Sie hätte mit in das Familienunternehmen einsteigen können. Eine Firma für Kunststoffverarbeitung, die ihr Großvater aufgebaut hat und ihre Eltern nun führen. Doch Annika Hahlbrock hat sich für einen anderen Beruf entschieden, der genauso viel Einsatz und Verantwortung bedeutet: Die junge Frau will Landwirtin werden. Im blauen Sweatshirt, die langen blonden Haare zum Zopf gebunden, geht Hahlbrock an diesem Morgen über den Hof des Instituts für Nutztiergenetik bei Neustadt in der Region Hannover. Ihr Ziel ist der Stall. Zwei Kühe liegen in Einzelboxen im Stroh, ihre Bäuche sind dick, bald werden sie ihre Kälber zur Welt bringen. Die anderen Tiere kauen gemächlich auf der Silage herum, einer Mischung aus Kraftfutter, Mais und Gras. Es ist der dritte Hof, auf dem Hahlbrock arbeitet. Und hier lernt sie neben dem Pflanzenbau und der Pflege der Tiere auch die wissenschaftlichen Grundlagen der Zucht. Zurzeit ist die 22-Jährige in ihrem dritten und letzten Lehrjahr, hat schon zwei von drei Abschnitten der Abschlussprüfung hinter sich. Und was kommt danach? „Dann will ich Agrarwirtschaft studieren.“ Denn Landwirtschaft bedeutet längst nicht mehr nur, nach der Ausbildung auf einem Hof Tiere zu halten und Feldfrüchte zu ziehen. „Der Beruf hat unglaublich viele Sparten, man kann zum Beispiel Betriebsleiter oder Herdenmanager werden, in die Forschung gehen oder Landwirtschaftspolitik machen“, sagt Hahlbrock. Und sie will sich alle Optionen offenhalten.

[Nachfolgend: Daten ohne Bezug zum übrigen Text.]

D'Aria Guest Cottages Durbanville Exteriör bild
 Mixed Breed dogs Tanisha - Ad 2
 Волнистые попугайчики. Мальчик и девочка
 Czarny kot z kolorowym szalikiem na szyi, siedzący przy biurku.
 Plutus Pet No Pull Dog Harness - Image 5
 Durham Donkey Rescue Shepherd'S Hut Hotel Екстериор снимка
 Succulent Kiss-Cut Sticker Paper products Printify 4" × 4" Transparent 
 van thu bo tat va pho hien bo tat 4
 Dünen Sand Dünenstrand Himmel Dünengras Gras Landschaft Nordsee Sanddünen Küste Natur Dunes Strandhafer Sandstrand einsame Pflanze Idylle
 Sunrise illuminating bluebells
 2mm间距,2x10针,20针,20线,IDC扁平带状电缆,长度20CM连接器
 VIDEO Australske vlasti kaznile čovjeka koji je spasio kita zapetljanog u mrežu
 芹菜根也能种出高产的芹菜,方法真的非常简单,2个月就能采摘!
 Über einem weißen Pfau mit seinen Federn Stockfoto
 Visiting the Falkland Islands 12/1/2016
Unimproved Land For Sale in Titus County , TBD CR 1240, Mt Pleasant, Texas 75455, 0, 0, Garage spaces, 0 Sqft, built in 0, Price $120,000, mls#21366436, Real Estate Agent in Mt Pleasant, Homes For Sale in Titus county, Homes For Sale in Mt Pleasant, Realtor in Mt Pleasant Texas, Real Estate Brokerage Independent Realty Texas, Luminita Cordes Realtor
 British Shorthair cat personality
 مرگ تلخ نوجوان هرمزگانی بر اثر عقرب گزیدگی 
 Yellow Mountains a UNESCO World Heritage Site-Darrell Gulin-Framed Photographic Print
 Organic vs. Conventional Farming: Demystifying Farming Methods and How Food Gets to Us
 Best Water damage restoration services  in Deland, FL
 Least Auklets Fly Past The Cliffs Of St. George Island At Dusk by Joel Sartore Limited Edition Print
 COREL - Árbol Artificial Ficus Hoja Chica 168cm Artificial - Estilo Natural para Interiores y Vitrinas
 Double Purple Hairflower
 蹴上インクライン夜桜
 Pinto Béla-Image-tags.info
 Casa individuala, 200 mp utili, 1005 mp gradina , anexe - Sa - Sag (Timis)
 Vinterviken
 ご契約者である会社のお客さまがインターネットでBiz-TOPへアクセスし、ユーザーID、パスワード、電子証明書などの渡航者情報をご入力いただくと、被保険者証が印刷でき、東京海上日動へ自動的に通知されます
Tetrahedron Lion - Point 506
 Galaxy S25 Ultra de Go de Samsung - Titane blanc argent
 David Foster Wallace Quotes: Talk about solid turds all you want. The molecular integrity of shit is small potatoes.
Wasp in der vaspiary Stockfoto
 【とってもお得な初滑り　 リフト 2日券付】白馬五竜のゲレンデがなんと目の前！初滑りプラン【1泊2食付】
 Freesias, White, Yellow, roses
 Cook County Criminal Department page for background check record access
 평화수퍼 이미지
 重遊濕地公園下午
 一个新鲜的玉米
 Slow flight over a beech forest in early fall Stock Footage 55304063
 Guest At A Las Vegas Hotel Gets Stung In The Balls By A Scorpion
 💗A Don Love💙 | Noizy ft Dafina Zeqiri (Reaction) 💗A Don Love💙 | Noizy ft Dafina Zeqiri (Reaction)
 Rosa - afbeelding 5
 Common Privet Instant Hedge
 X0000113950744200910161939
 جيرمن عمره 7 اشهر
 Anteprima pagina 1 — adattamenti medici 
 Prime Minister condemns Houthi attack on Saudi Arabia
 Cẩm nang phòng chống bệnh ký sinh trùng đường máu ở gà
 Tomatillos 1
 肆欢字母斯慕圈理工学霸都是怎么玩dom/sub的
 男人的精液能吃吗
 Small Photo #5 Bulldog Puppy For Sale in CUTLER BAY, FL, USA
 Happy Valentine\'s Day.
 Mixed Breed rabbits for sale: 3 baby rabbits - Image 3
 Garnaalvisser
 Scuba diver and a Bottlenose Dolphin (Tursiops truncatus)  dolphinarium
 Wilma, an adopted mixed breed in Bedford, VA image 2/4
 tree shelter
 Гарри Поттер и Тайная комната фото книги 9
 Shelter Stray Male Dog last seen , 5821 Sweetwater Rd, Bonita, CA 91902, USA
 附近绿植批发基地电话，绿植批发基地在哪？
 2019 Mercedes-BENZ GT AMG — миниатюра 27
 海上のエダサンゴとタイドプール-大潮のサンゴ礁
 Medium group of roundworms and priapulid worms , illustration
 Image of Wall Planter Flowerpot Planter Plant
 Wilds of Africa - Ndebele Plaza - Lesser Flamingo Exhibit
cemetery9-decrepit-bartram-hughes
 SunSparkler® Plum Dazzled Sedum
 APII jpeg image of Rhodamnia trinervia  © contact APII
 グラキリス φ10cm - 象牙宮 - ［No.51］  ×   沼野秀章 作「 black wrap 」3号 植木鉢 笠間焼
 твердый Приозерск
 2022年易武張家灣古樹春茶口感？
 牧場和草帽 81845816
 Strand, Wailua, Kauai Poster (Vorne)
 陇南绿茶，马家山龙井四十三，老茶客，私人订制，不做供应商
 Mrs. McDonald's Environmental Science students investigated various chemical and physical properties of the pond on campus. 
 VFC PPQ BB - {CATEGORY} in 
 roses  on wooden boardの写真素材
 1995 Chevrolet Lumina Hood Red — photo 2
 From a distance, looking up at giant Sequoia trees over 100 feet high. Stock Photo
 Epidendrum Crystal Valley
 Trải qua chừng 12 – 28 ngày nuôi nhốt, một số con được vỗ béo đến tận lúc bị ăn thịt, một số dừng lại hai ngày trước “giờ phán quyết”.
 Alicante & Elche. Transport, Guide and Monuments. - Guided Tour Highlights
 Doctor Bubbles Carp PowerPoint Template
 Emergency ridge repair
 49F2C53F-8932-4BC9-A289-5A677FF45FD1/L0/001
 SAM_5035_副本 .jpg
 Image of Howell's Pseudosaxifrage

Ihre Liebe zu Tieren und der Natur ist seit ihrer Kindheit ein wesentlicher Teil von ihr. Aufgewachsen in Großenheidorn, einem Ortsteil von Wunstorf bei Hannover, war sie schon früh von Landwirtschaft und Tieren umgeben. „Die Familie meiner Freundin hat einen Hof mit Kühen und Hähnchen, da haben wir viel gespielt“, sagt Hahlbrock. Und ihre Familie pflegte ohnehin guten Kontakt zu den Landwirten im Ort. Später hat Hahlbrock den Jagdschein gemacht. „Ich bin unglaublich oft und gerne draußen unterwegs.“ Der Familie entging Hahlbrocks Interesse an der Natur nicht, und so sei auch keiner sehr überrascht oder gar enttäuscht gewesen, als sie verkündete, nicht in die elterliche Firma mit einzusteigen und stattdessen Landwirtin zu werden. „Landwirtschaft ist in meinem Umfeld durchgehend positiv besetzt und meine Eltern haben mir ohnehin die Wahl gelassen, was ich später beruflich machen will“, sagt Hahlbrock.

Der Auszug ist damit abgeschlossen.